Digitaler Wandel: Ein Digitalministerium wird es wohl nicht geben. Wahrscheinlicher ist, dass das Wirtschaftsministerium zu einer Art Ministerium für Wirtschaft und Digitales aufgerüstet wird. Leiter könnte Andreas Pinkwart (FDP) werden, Rektor der HHL Leipzig Graduate School of Management, einer der Gründerschmieden in Deutschland. NRW soll zum gründerfreundlichsten Land werden. Start-ups will man ein bürokratiefreies erstes Jahr ermöglichen. Mit einem Gründerstipendium sollen 1000 Unternehmer ein Jahr lang monatlich mit 1000 Euro unterstützt werden. Die digitale Verwaltung soll genauso vorangetrieben werden wie die digitale Bildung in Schulen. Ein Pflichtfach Informatik wird es wohl nicht geben, das Fach Wirtschaft schon. Der Ausbau des schnellen Internets soll beschleunigt werden. "Wir wollen NRW bis 2025 flächendeckend mit Gigabit-Netzwerken versorgen", sagt Marcel Hafke (FDP), "zunächst gilt in NRW ‚Glasfaser first‘ und nicht das Aufrüsten alter Kupferkabel." Man bleibe aber technologieoffen, um innovative Technologien einsetzen zu können, etwa neue Standards von Kabelnetzbetreibern oder den Mobilfunkstandard 5G. Förderprogramme sollen besser gebündelt werden.

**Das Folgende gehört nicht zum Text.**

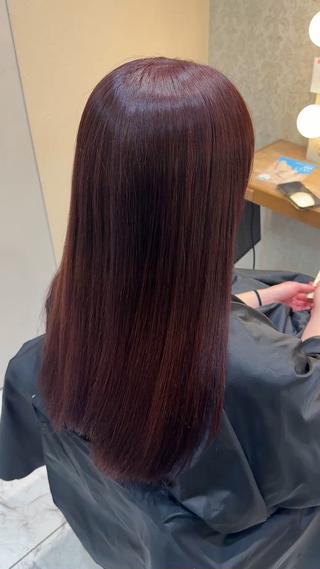 ワンカラー️3ステップトリートメントのセットです️️
 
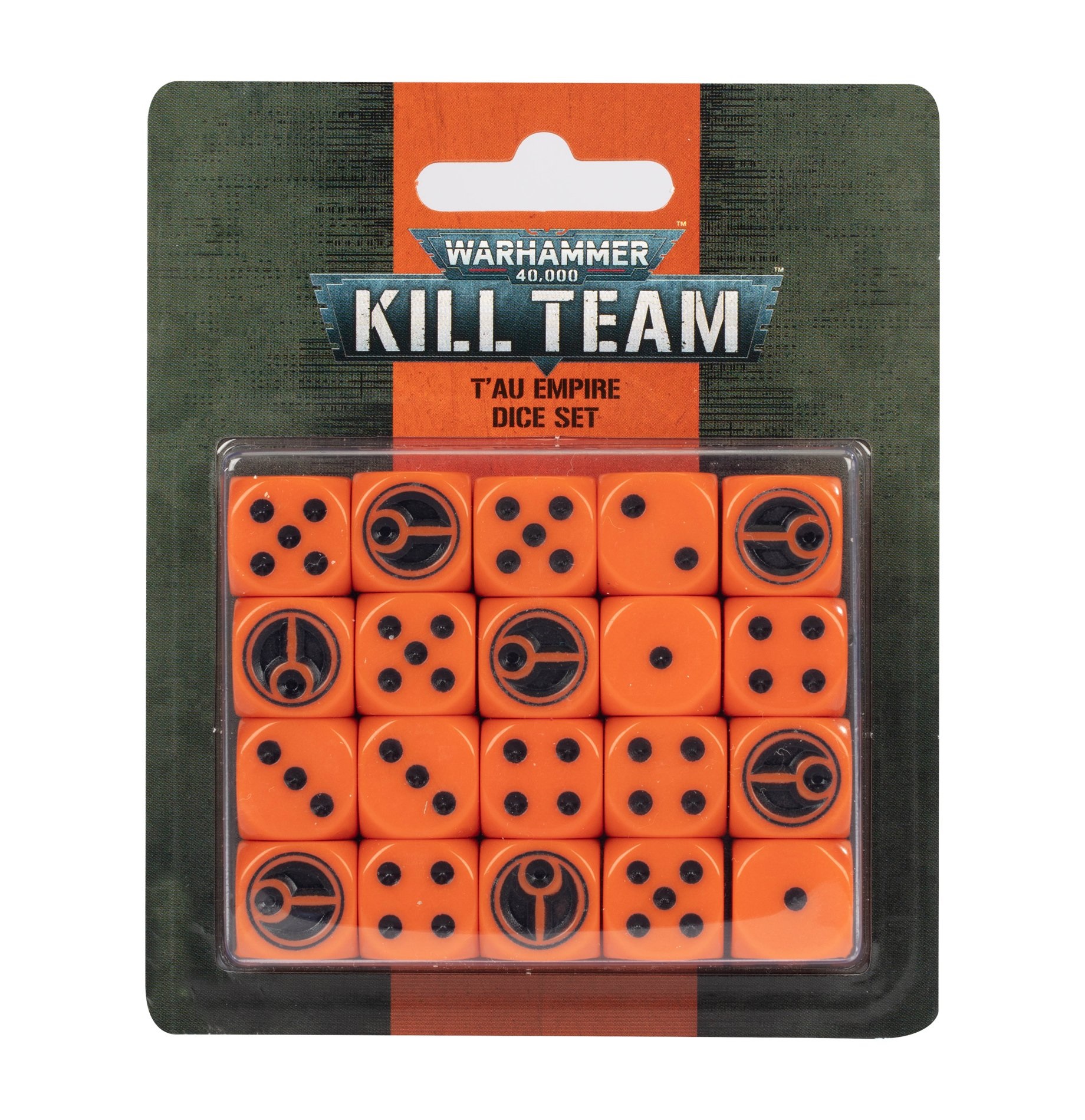 Kill Team: Tau Empire Dice set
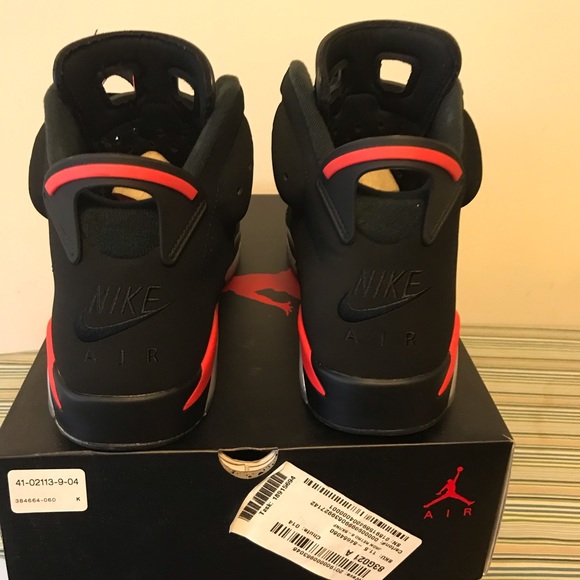 ***SOLD***Retro 6 Infared OG Nike Air💨🔥🤙🏿 - Picture 2 of 16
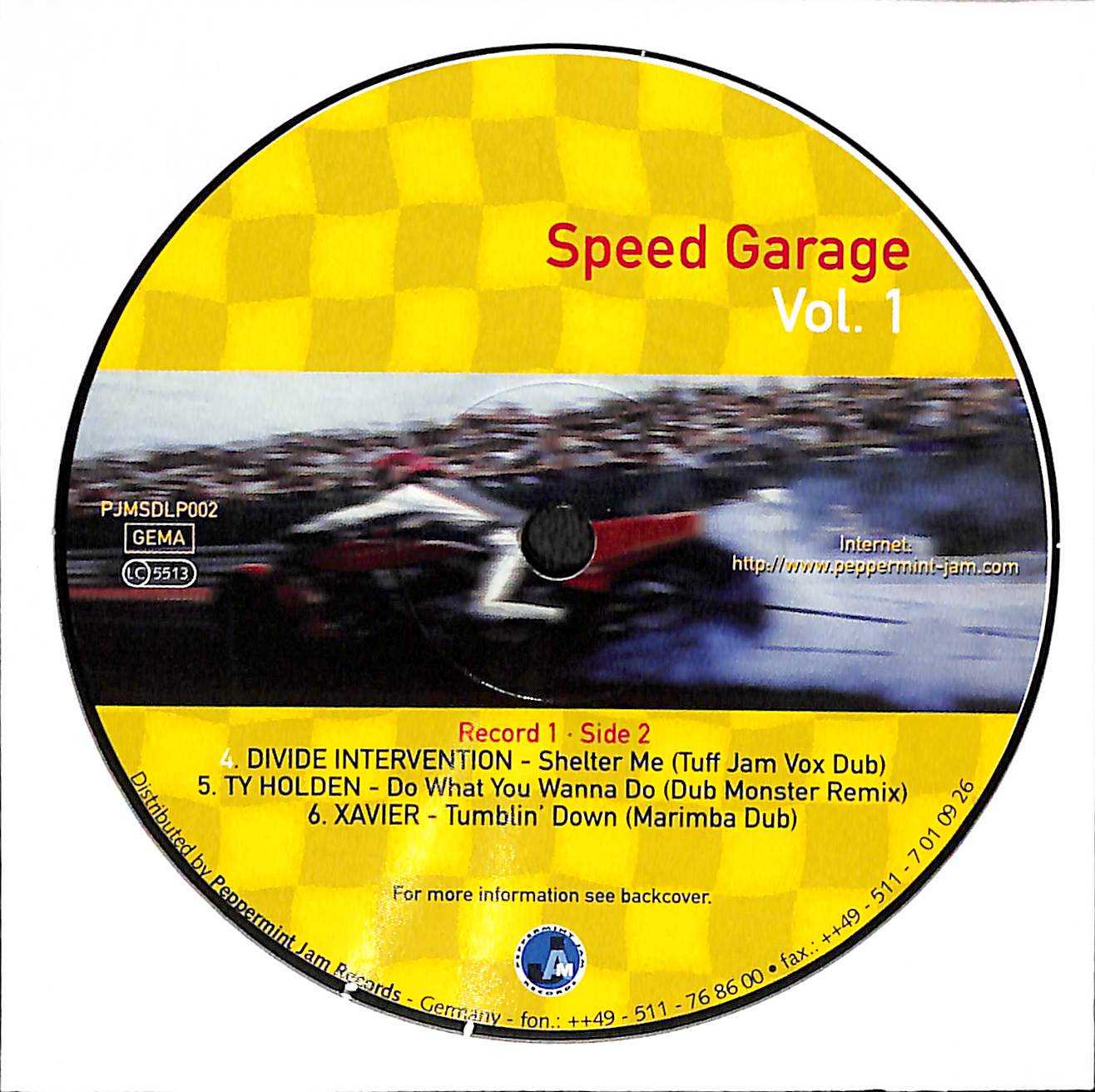 Speed Garage Vol. 1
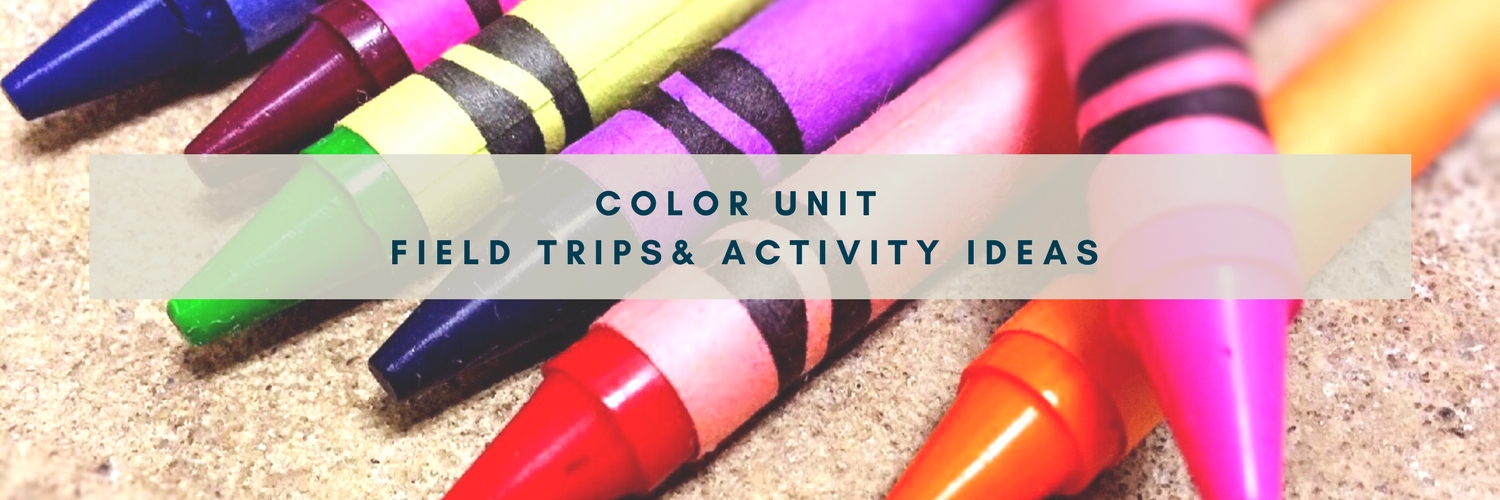 Colors Unit for Preschoolers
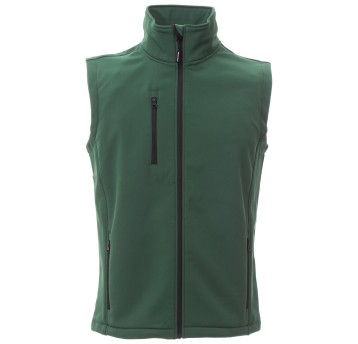 KURTKA SOFTSHELL GLASGOW - ZIELONY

Gegenfinanzierung: Das ist die Blackbox des Koalitionsvertrages. CDU und FDP planen Mehrausgaben für Polizei, Hochschulen, Kitas und Justiz. Dennoch sollen die Landesausgaben ebenso wie die Neuverschuldung sinken. Im Raum steht das Versprechen einer nicht näher definierten "Digitalisierungsdividende" und die Hoffnung, mit dem Abbau von Bürokratie Kosten zu sparen und die Wirtschaft stärken zu können. Heinz Wirz, Landeschef des Bundes der Steuerzahler, mahnt: "Da erwarte ich vom Koalitionsvertrag schon noch ein paar verbindlichere Aussagen."